During the twelve minutes it took to get from my house to LAX...
  • He asked me if I wanted a McDonalds fish sandwich. Apparently he ordered two but could only eat one. It did smell like fish in the car but I never saw the sandwhich or a wrapper. Strange.
  • He told me he was going to try to convert his SUV to a hybrid engine so it could get 50 mpg.
  • After I told him I was a writer he asked about how you go about selling a tagline idea. He told me he had the best one for Yahoo! He built it up saying "are you ready?" over and over until I got "Yahoo! It's what we do!" followed by the obligatory pause for a response. I told him it was interesting but that I didn't know how to sell a tagline. (I was lying.

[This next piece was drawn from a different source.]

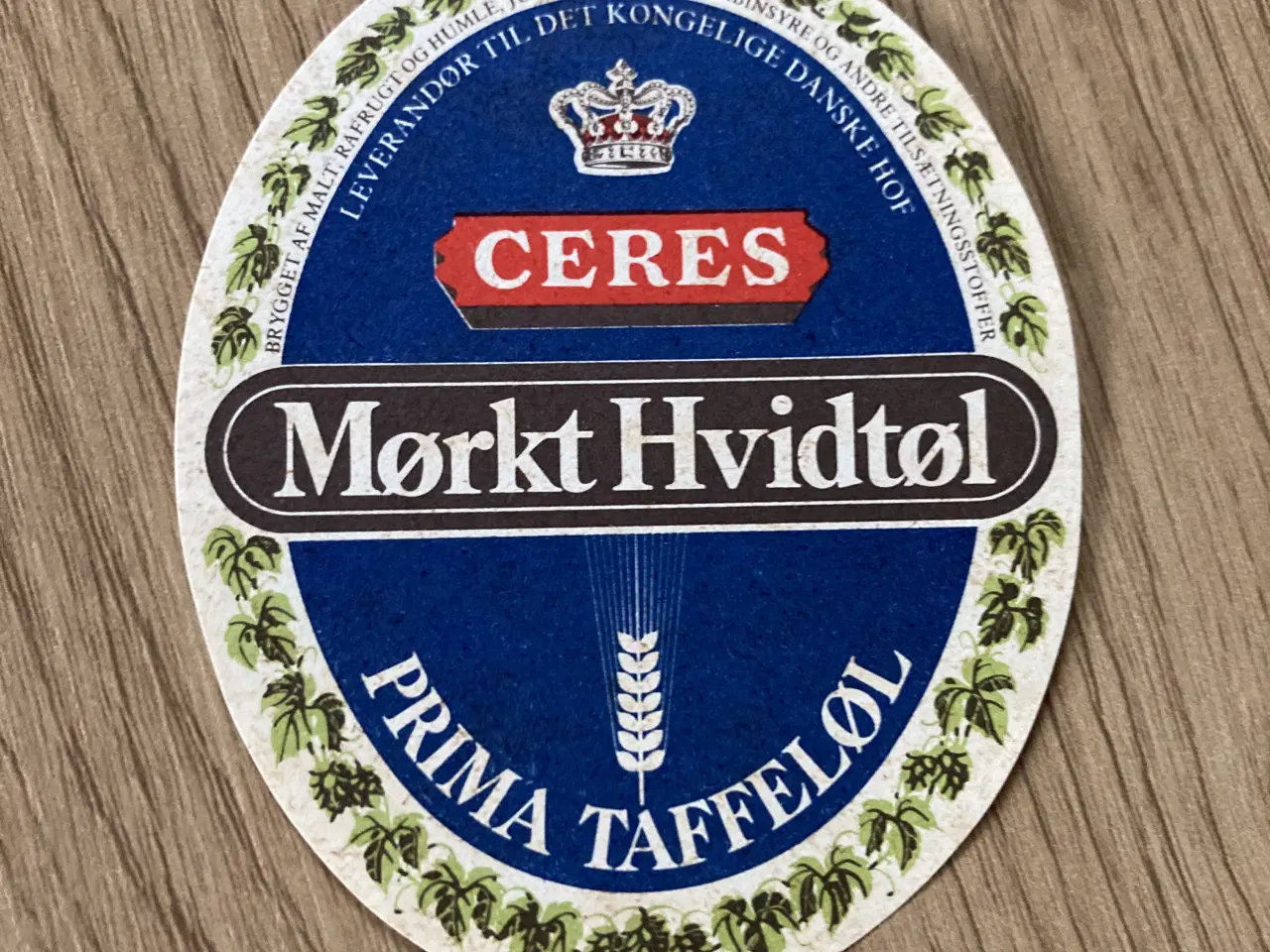 Billede 1 - Ceres Bryggerierne – Mørkt Hvidtøl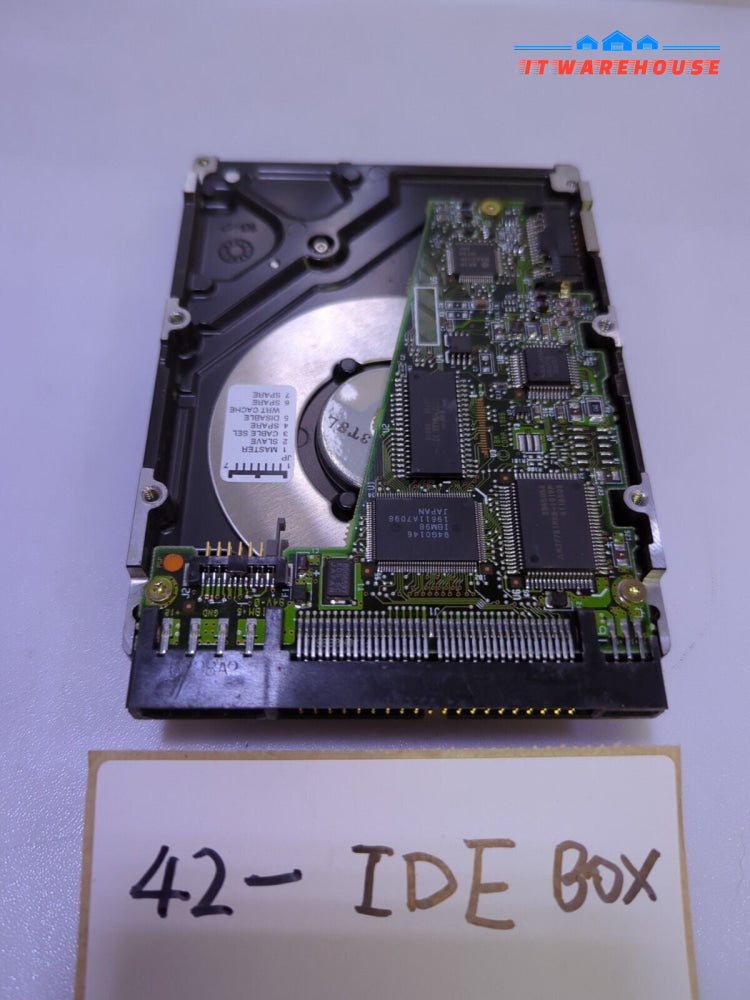 IBM 3.5" 1700MB Hard Drive DJAA-31700 29H7194 For Apple Macintosh Tested -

Last October I actually wrote tagline-type copy for this Yahoo ad.)
  • He told me that Malibu, when pronounced in Arabic (as Mal abu) means "From your father's money". I told him that I thought a lot of people in Malibu were living off their father's money and he thought it was the funniest thing he'd ever heard. He then told me that I should go up to someone speaking Arabic and tell them this. He insisted that they would find it funny. I told him I would try to do that. (I didn't)
  • He asked me to pay him before we got to the airport. He said it would make things faster. (Obviously it was because unlicensed cabs are illegal!)
  • He tried to give me his card but since it was magnetic and sitting in a stack under the hot sun he couldn't separate a single card. He offered to give me this huge stack of fifty fused cards so I'd have the number. I politely declined.
I made it alive, I wasn't ripped off, and I have a story. What more can I possibly need!?